The Air Force’s flexible materials and processes team is developing backbone technology that enables the wiring of smart clothing that can maintain performance in all positions. The researchers started with individual particles of liquid metal enclosed in a shell, sort of like a tiny water balloon. Each particle is then chemically chained to the next through polymerization.
As the connected liquid metal particles are strained, the particles tear open and liquid metal spills out. Connections form to give the system both conductivity and inherent stretchability. During each stretching cycle after the first, the conductivity increases and returns back to normal. Testing has been limited to a finger so far, but no fatigue was detected after 10,000 cycles, and the Air Force believes the material could be integrated into a long-sleeve garment that could transfer power through the shirt, across the body, in a way that bending an elbow or rotating a shoulder won’t degrade the power transferred.

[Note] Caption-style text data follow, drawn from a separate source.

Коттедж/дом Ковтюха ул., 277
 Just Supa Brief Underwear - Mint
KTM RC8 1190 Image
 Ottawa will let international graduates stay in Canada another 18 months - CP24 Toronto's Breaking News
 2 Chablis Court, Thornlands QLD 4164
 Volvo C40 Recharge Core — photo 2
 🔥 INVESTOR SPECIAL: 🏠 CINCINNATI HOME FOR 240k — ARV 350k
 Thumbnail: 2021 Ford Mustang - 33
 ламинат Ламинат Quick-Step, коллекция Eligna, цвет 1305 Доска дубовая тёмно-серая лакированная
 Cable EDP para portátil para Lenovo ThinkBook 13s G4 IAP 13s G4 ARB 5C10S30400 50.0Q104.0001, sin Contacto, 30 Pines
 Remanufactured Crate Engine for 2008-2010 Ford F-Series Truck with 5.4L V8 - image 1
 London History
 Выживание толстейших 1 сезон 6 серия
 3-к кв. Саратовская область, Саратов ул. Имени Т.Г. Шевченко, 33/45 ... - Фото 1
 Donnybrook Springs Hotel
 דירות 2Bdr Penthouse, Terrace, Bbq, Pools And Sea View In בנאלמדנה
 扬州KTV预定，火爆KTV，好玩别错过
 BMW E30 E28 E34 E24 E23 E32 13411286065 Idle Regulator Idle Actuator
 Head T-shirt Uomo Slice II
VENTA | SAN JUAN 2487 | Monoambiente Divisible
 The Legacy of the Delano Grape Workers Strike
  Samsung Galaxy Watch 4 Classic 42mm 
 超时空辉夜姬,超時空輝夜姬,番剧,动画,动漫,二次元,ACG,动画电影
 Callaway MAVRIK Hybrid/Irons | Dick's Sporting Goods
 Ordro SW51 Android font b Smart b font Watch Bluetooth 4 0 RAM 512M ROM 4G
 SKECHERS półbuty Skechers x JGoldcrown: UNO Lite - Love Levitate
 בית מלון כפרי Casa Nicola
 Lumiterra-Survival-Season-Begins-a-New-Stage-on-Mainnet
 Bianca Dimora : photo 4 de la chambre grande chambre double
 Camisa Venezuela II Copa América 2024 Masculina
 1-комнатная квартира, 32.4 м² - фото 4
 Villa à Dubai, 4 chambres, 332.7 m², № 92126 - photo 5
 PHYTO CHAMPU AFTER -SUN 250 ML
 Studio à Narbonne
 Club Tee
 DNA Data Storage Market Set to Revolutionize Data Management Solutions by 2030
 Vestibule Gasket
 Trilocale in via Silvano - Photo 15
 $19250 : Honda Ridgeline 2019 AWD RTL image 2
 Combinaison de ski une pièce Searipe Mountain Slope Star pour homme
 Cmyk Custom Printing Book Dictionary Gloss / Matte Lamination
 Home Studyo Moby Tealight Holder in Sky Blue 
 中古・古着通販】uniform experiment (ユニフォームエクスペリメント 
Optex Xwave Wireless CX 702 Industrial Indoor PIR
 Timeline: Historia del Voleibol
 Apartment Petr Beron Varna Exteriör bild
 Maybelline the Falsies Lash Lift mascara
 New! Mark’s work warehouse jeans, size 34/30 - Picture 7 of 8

“The discovery of Polymerized Liquid Metal Networks is ideal for stretchable power delivery, sensing and circuitry,” said Capt. Carl Thrasher, AFRL Materials and Manufacturing Directorate research chemist. “Human interfacing systems will be able to operate continuously, weigh less and deliver more power with this technology.”
“We think this is really exciting for a multitude of applications,” he said. “This is something that isn’t available on the market today so we are really excited to introduce this to the world and spread the word.”
TechLink, as the Air Force’s national partnership intermediary for technology transfer, can navigate businesses to R&D partnerships with the Air Force Research Laboratory via patent license agreements and cooperative research and development agreements. TechLink’s staff are in constant contact with dozens of Department of Defense labs and continuously evaluate their inventions for commercial potential, which allows them to help private companies leverage the U.S. military’s substantial investment in basic and applied R&D.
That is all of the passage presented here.